[Scraped caption text data]
═══

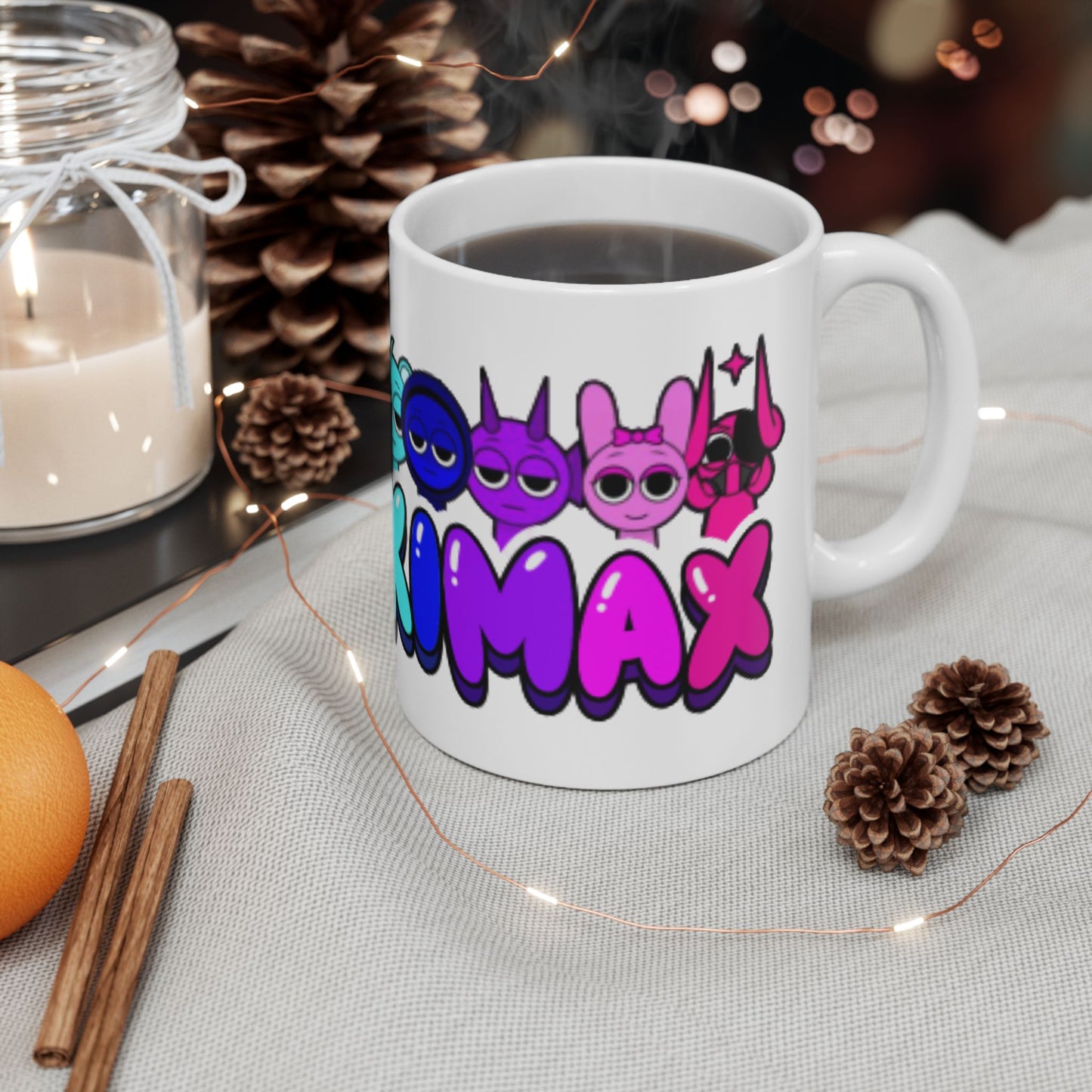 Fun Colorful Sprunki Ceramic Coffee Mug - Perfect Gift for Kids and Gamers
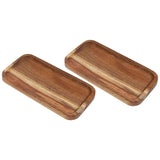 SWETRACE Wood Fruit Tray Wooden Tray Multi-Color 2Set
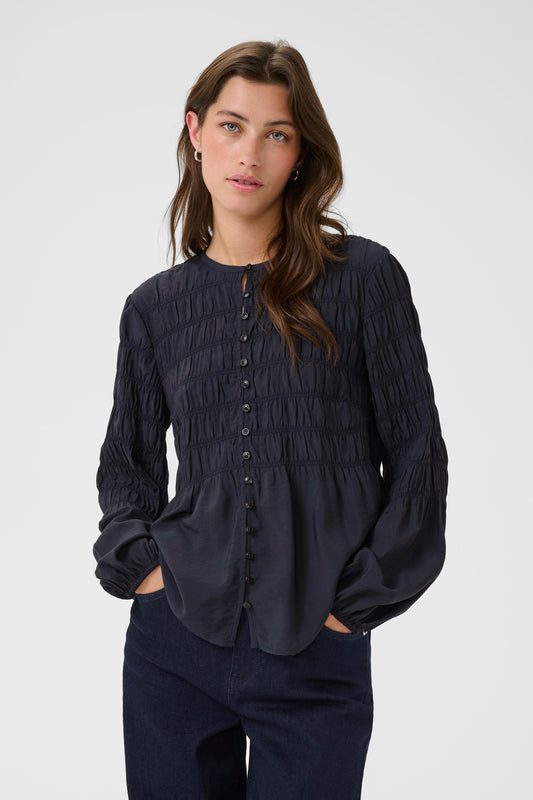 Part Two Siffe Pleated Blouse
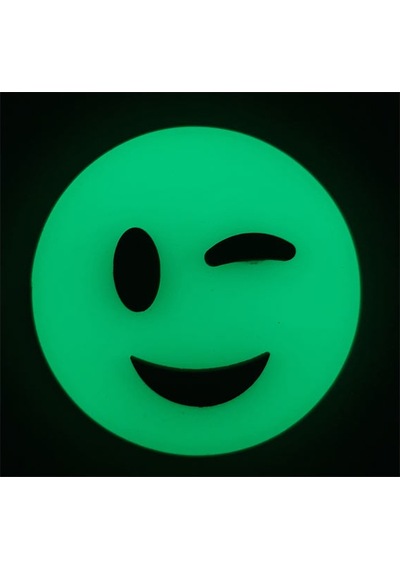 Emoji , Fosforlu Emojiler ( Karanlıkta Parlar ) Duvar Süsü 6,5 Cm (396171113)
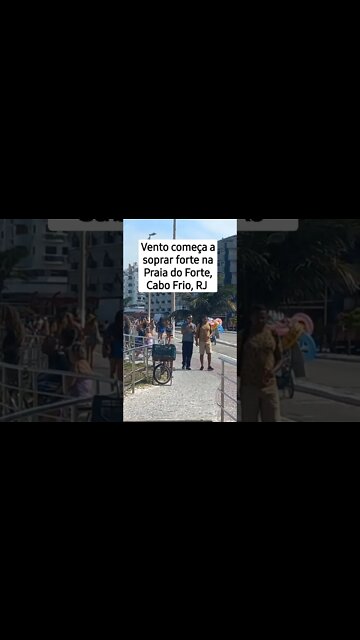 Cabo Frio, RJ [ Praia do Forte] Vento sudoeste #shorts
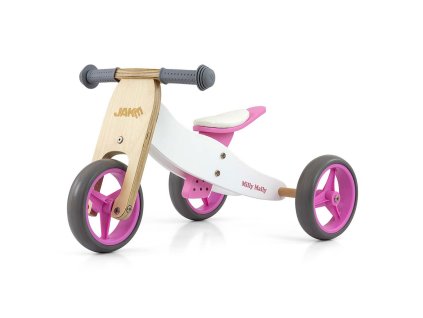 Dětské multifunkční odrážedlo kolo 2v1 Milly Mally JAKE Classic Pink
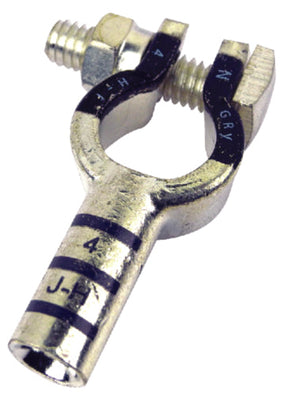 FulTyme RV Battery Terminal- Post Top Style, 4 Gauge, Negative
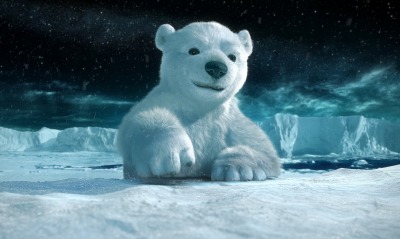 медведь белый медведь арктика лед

═══

• [INSTRUCTIONS TO FOLLOW] Return nothing except the lines from the one containing "Dětské multifunkční odrážedlo" through the final line of the data, copied exactly. Leave out all pictures.

• [SOLUTION BELOW]
 Dětské multifunkční odrážedlo kolo 2v1 Milly Mally JAKE Classic Pink
 FulTyme RV Battery Terminal- Post Top Style, 4 Gauge, Negative
 медведь белый медведь арктика лед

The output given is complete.